Questa situazione, purtroppo, ha riguardato non solo moltissimi italiani emigrati nel resto del mondo, ma anche italiani emigrati internamente in Italia. Proprio in questi giorni viene rievocato uno degli episodi più tristi della migrazione interna italiana, capitato esattamente cent’anni fa. Mi sembra utile rievocarlo in queste colonne perché dimostra quanto i problemi di razzismo, d’intolleranza e di violenza tra etnie diverse fossero simili, in quell’epoca, in ambienti di lavoro analoghi, anche in luoghi molto distanti tra loro come possono essere il Mezzogiorno d’Italia, la Provenza e la Svizzera.
La caccia all’italiano che si verificò alle Aigues-Mortes e durante i tumulti di Berna e Zurigo sul finire dell’Ottocento si ripeté con modalità analoghe proprio nel Mezzogiorno d’Italia, da cui partivano per l’estero moltissimi emigrati, meno di due decenni più tardi, con la differenza che la parte delle vittime toccò in questo caso ad emigrati sardi. L’episodio successe a Itri, un comune tra Gaeta e Formia, oggi in provincia di Latina (allora in provincia di Caserta), esattamente cent’anni fa il 12 e 13 luglio 1911.

«Morte ai Sardegnoli»!
In quegli anni si stava costruendo la Direttissima Roma-Napoli, alla cui realizzazione lavoravano anche molti emigrati sardi, reclutati tra gli esperti minatori del Sulcis-Iglesiente e forse attratti dalla prospettiva di migliori salari, ma incuranti dei pregiudizi che accompagnavano i sardi un po’ ovunque, anche nel resto d’Italia, ormai unita da una cinquantina d’anni. Spesso erano considerati alla stregua dei «selvaggi», grossolani, violenti e prepotenti, insomma gentaglia da cui stare alla larga.
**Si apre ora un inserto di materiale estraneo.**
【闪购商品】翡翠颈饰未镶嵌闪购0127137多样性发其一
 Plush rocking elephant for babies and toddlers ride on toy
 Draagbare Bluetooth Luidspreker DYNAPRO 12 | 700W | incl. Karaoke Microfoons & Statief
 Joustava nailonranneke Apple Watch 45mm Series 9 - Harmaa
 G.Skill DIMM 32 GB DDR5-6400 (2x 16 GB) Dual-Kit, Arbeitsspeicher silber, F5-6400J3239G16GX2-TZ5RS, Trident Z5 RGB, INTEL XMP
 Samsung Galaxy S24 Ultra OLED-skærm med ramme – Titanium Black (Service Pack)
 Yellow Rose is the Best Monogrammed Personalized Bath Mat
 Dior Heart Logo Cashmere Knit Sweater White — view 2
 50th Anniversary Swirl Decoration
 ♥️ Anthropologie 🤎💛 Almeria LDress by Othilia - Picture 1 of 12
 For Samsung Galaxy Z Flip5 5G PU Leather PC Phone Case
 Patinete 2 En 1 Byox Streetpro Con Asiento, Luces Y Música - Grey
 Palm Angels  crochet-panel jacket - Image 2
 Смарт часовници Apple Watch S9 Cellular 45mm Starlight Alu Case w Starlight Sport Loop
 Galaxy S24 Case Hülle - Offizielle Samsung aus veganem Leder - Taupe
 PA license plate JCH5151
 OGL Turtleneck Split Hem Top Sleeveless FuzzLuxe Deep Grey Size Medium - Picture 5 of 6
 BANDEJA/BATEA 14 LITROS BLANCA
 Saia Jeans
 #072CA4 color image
Nel 1911, circa cinquecento di essi erano acquartierati a Itri e sembra che anche lì, stando ai racconti tramandati, tra loro e la popolazione locale non corresse buon sangue. Sul lavoro, invece, erano ritenuti bravi e nessuno osava criticarli. Ciononostante gli emigrati sardi, chiamati «sardegnoli», percepivano salari più bassi rispetto agli altri lavoratori e, forse proprio per questo, così è stato detto, si rifiutavano di pagare il «pizzo» preteso dalla camorra (a quanto sembra fin d’allora presente in questo genere di appalti!) coalizzandosi tra loro in una specie di lega operaia di autodifesa.
In questo clima di forti contrapposizioni, il 12 e 13 luglio 1911 contro i sardi vennero organizzate (probabilmente dalla camorra) due imboscate successive a cui parteciparono centinaia di itrani compresi molti notabili, inizialmente nell’indifferenza delle forze dell’ordine. Le aggressioni, durate due giorni al grido di «morte ai Sardegnoli», furono così violente che fecero non meno di 8 morti e 60 feriti, tutti sardi.

L’opinione pubblica
E’ interessante notare che insieme a numerosi aggressori vennero arrestati anche alcuni operai sardi perché rissosi. In sede processuale in Corte d’Assise di Napoli, gran parte degli imputati furono assolti dai giudici popolari e solo nove condannati in contumacia a trent’anni di carcere. L’opinione pubblica aveva fatto propria la tesi della difesa dei presunti aggressori ritenendo che la rivolta della popolazione era una sorta di «legittima difesa» contro i sardi accusati di commettere «violazioni e prepotenze […] soprusi d’ogni genere». E’ probabile invece che i sardi fossero mal sopportati anche perché associati psicologicamente ai conquistatori piemontesi (entrambi appartenenti al Regno di Sardegna), che nel 1861 si erano annessi il Regno delle due Sicilie (a cui allora apparteneva Itri) e da allora si erano praticamente disinteressati del Meridione.
Sta di fatto che a lungo, nell’opinione pubblica i sardi vennero ritenuti i veri provocatori. Persino in Svizzera giunse l’eco di quei fatti e la notizia venne data in questi termini: «A Itri, provincia di Caserta, avendo un centinaio di operai sardi commesso violenze contro gli abitanti, un certo numero di questi ultimi, armati di fucili, li inseguirono [dando luogo] a scontri terribili, in cui tre operai vennero uccisi e molti furono feriti» (Journal de Genève del 16.7.1911). In realtà, come detto, i morti furono almeno otto e i feriti, alcuni gravi, almeno una sessantina.
Una certa retorica ha voluto e continua a vedere nell’ingiustizia subita dai sardi anche una vittoria morale di quei «selvaggi» ma onesti, che non abbassarono il capo, come gli itrani, alla prepotenza della camorra rifiutando di pagare qualsiasi pizzo. Quei sardi, considerati talvolta «martiri antesignani della lotta sindacale […] pagarono caro il prezzo della loro provenienza e cultura, ma la camorra, da quei fieri sardi, non vide neppure un soldo».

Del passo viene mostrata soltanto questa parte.